Where the entries below show "PHILIPP PLEIN PWJAA1022", begin there and print that line and all following lines exactly, through the last, omitting pictures.

******************************

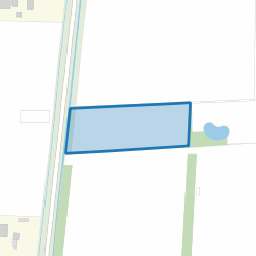 Perceel APD01-D-4838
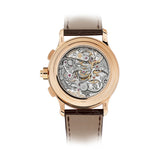 Patek Philippe Grand Complications 5370R-001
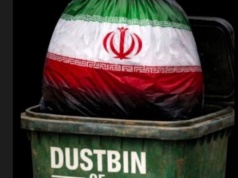 Dziennik wojny – Co się kryje za Dniem Sądu? – dni 43-44 piątego roku (1504 i 1505) – na Ukrainie!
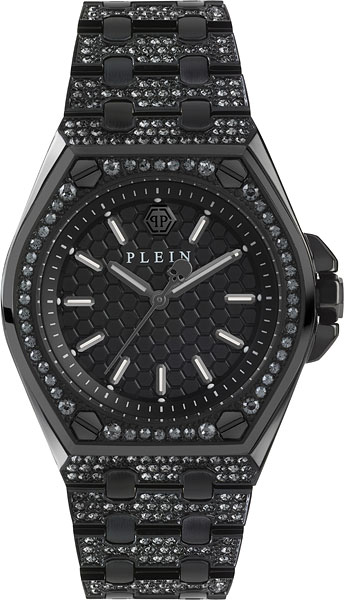 PHILIPP PLEIN PWJAA1022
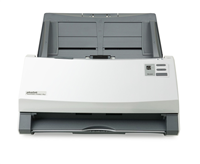 Plustek SmartOffice PS406U Plus Dokumentenscanner
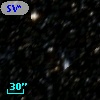 SV* HV  6089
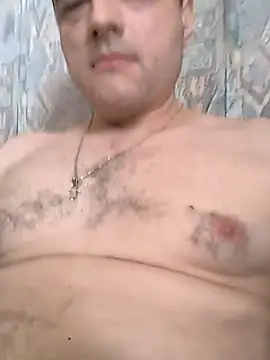 Snapshot of ExclusivePrivate chatting on 09.09.25 ExclusivePrivate online show from 09.09.25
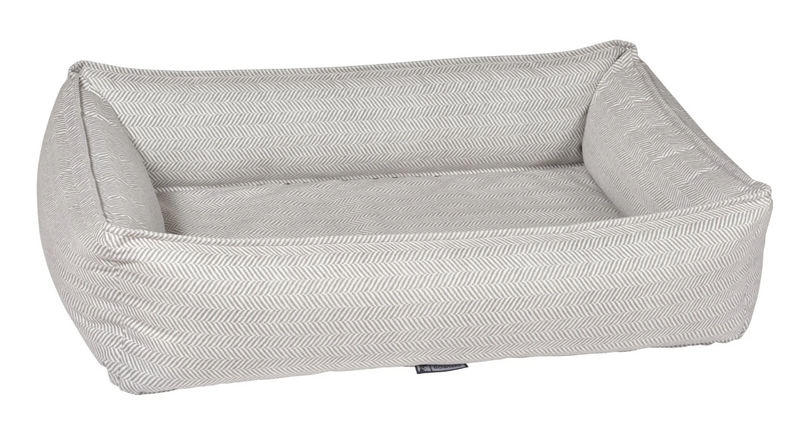 Load image into Gallery viewer, Bowsers Urban Lounger X-Large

******************************

### [RESULT OF THIS EXERCISE]
 PHILIPP PLEIN PWJAA1022
 Plustek SmartOffice PS406U Plus Dokumentenscanner
 SV* HV  6089
 Snapshot of ExclusivePrivate chatting on 09.09.25 ExclusivePrivate online show from 09.09.25
 Load image into Gallery viewer, Bowsers Urban Lounger X-Large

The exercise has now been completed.